La sortie d’un nouvel album de Max Ducos est toujours une fête chez nous. Nous les avons presque tous à la maison et ils font partie de ceux que les garçons relisent sans jamais se lasser. Il serait, certes, dommage de se limiter à une seule lecture. Les illustrations regorgent toutes de petits détails qui se livrent à celui qui prend le temps de les apprivoiser. Et surtout, au-delà de leurs singularités, tous ces livres ont en commun une capacité à nous prendre par la main pour nous emmener très loin, aux confins de notre imaginaire.
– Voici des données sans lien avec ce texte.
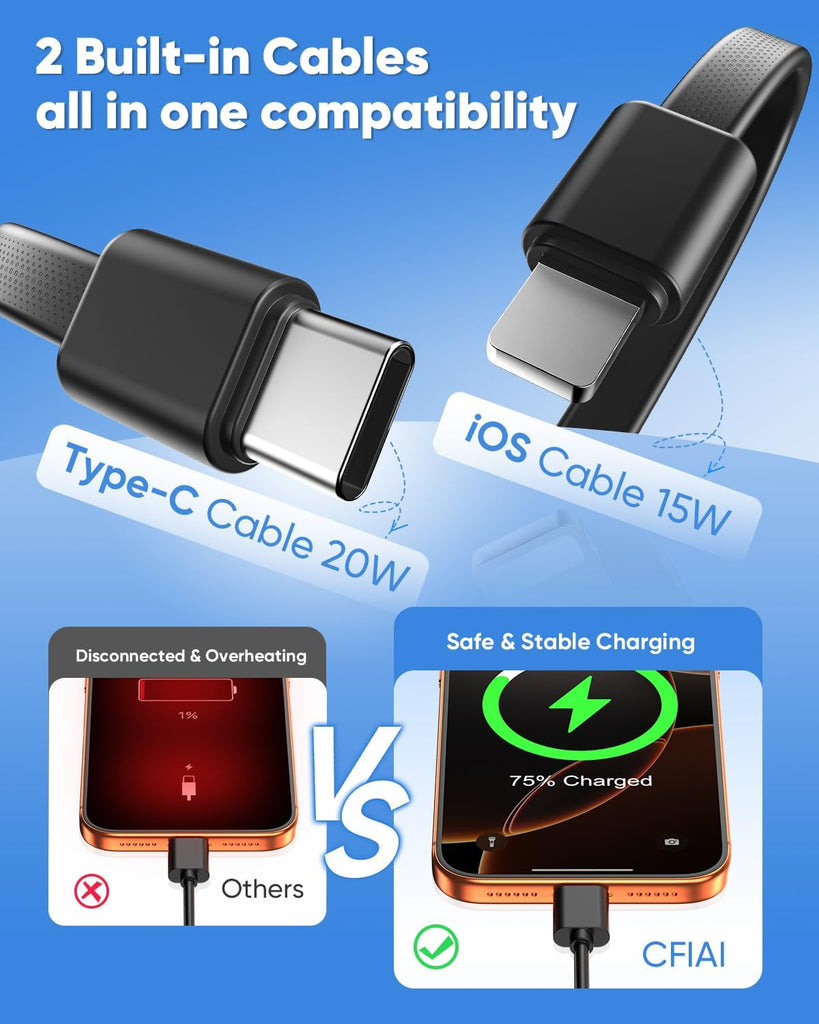 15000mAh Power Bank ,  Built-in Cable Portable Charger Backup Battery 22.5W PD Fast Charge   - AWXW239 2595-3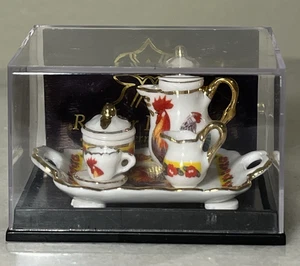 Reutter Porzellan Rooster Tea Setting Dollhouse Miniature - Picture 1 of 14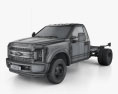 Ford F-550 Super Duty Regular Cab Chassis 2022 3Dモデル wire render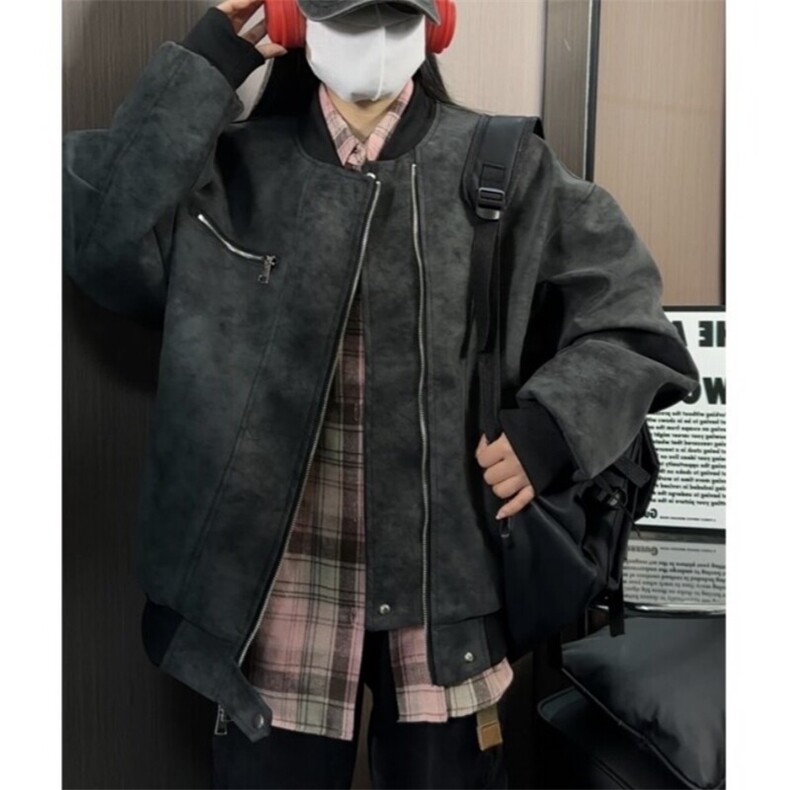 现货抖音得物品质网图春秋情侣外套皮夹克咖色JK309,男装夹克,星座1904A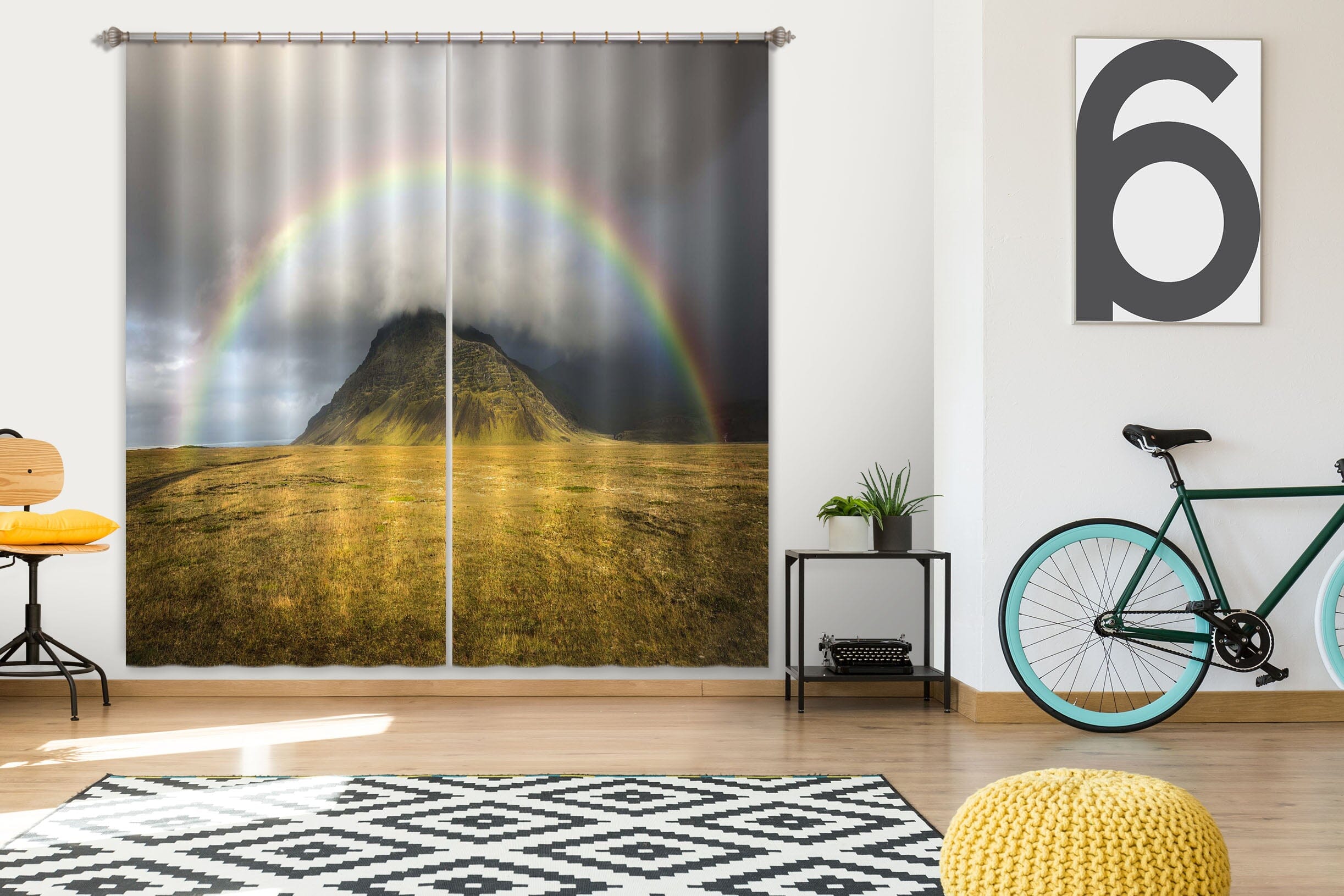 3D Prairie Rainbow 115 Marco Carmassi Curtain Curtains Drapes Curtains AJ Creativity Home 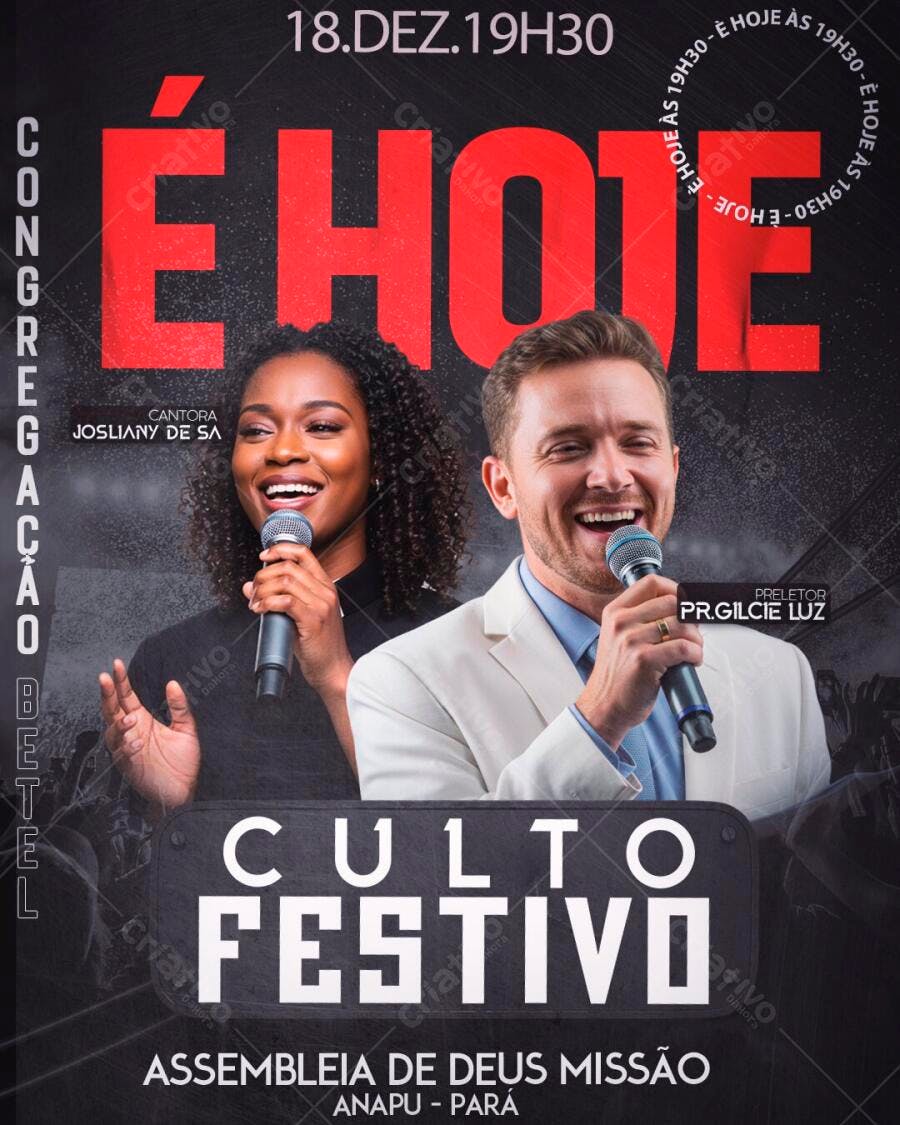 Flyer Culto Festivo Igreja Evangélica PSD Editável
L’histoire est toujours ancrée dans le réel – le quotidien d’une école, d’une sortie de classe, d’une famille en vacances, d’une petite fille qui erre dans sa grande maison… Mais l’auteur sait à quel point pour les enfants, imaginaire et réalité sont imbriqués et le basculement de l’un à l’autre peut être rapide. Il connaît leur envie d’explorer le vaste monde pour mieux revenir à la chaleur du foyer et de leurs proches… On le laisse ainsi volontiers nous entraîner dans une aventure initiatique dont on a l’impression de rentrer grandi et dépaysé.

Toutes ces qualités se confirment ici. Les illustrations de Max Ducos n’ont peut-être jamais été aussi splendides : lumineuses, elles nous font sentir l’air marin, respirer la houle, entendre le cri des mouettes et frissonner face à l’abîme de la falaise. On comprend ce que ressent Timothée quand il raconte : « La peinture semblait si réelle que j’eus l’impression de sentir un vent chaud me caresser le visage. » Un plaisir intense pour les amoureux de l’océan que nous sommes !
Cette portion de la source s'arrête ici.